00:05With a game like this, we faced a fundamental question from early development.
00:08Should we make it 2D or 3D?
00:11For most genres, the answer to this question is practically predetermined.
00:14But with strategy games, it's not so obvious.
00:17These days, 3D is more convenient, more practical, and often faster to produce.
00:22But we still lean towards 2D.
00:24We wanted Hollywood Animal to evoke fond memories of Theme Park or Railroad Tycoon 2.
00:29Or Caesar 3.
00:312D gives the artist more control over style and atmosphere,
00:34making the game feel more intimate and handcrafted.
00:37Which we felt was more important in a game where you build something up and enjoy the fruits of your labor.
00:42But there's one small problem.
00:432D is, well, two-dimensional. Literally flat.
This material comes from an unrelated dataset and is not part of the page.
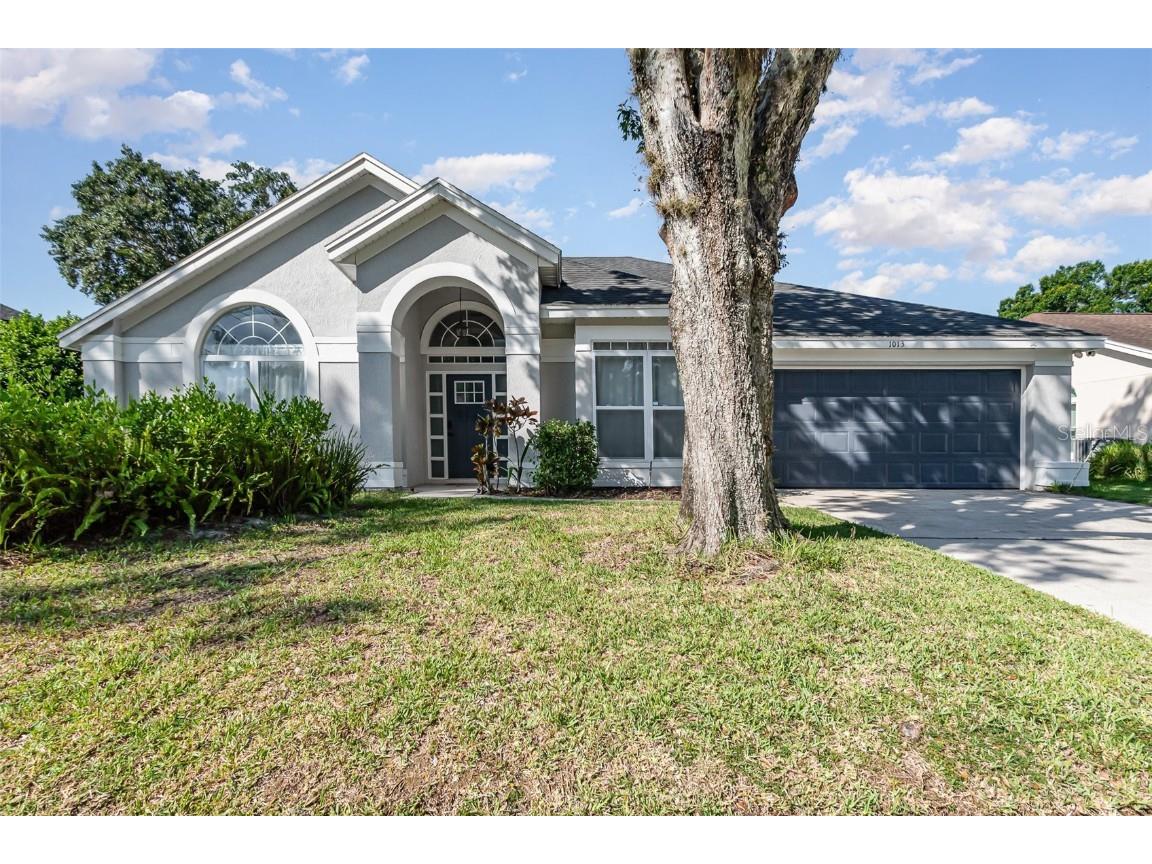 1013 Silcox Branch Circle Oviedo FL 32765 O6310096 image1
00:47No matter how many animations and effects you add,
00:49all the buildings and objects in a 2D game are paper cutouts glued to a cardboard canvas.
00:54In any strategy game, you spend a lot of time hovering over your domain and moving the camera back and forth.
00:59But in a 2D game, the individual images or sprites and the overall environment have zero reaction to any of this.
01:06There's no sense of perspective, no parallax movement or depth.
01:09Everything is just painted flat on the screen.
01:12Then, one of our developers suddenly remembered an old solution to this problem from a game in a totally different genre.
01:18Diablo II, a 2D isometric game featuring the perfect depth effect.
01:23The programmers at Blizzard designed a clever system which distorts sprites
01:27so they become smaller as they move away from the camera, creating a sense of perspective.
01:31Maybe we should revisit this half-forgotten technique and try something similar.
01:35To make it all work, so each building, bench and tree can distort correctly in perspective,
01:40we started by drawing a simple two-dimensional mesh for every sprite in the game.
01:44Sometimes layers of it.
01:46We then projected the 2D sprites onto the meshes.
01:49And then, finally came the painstaking, exhausting work of setting height values for every vertex in every single sprite.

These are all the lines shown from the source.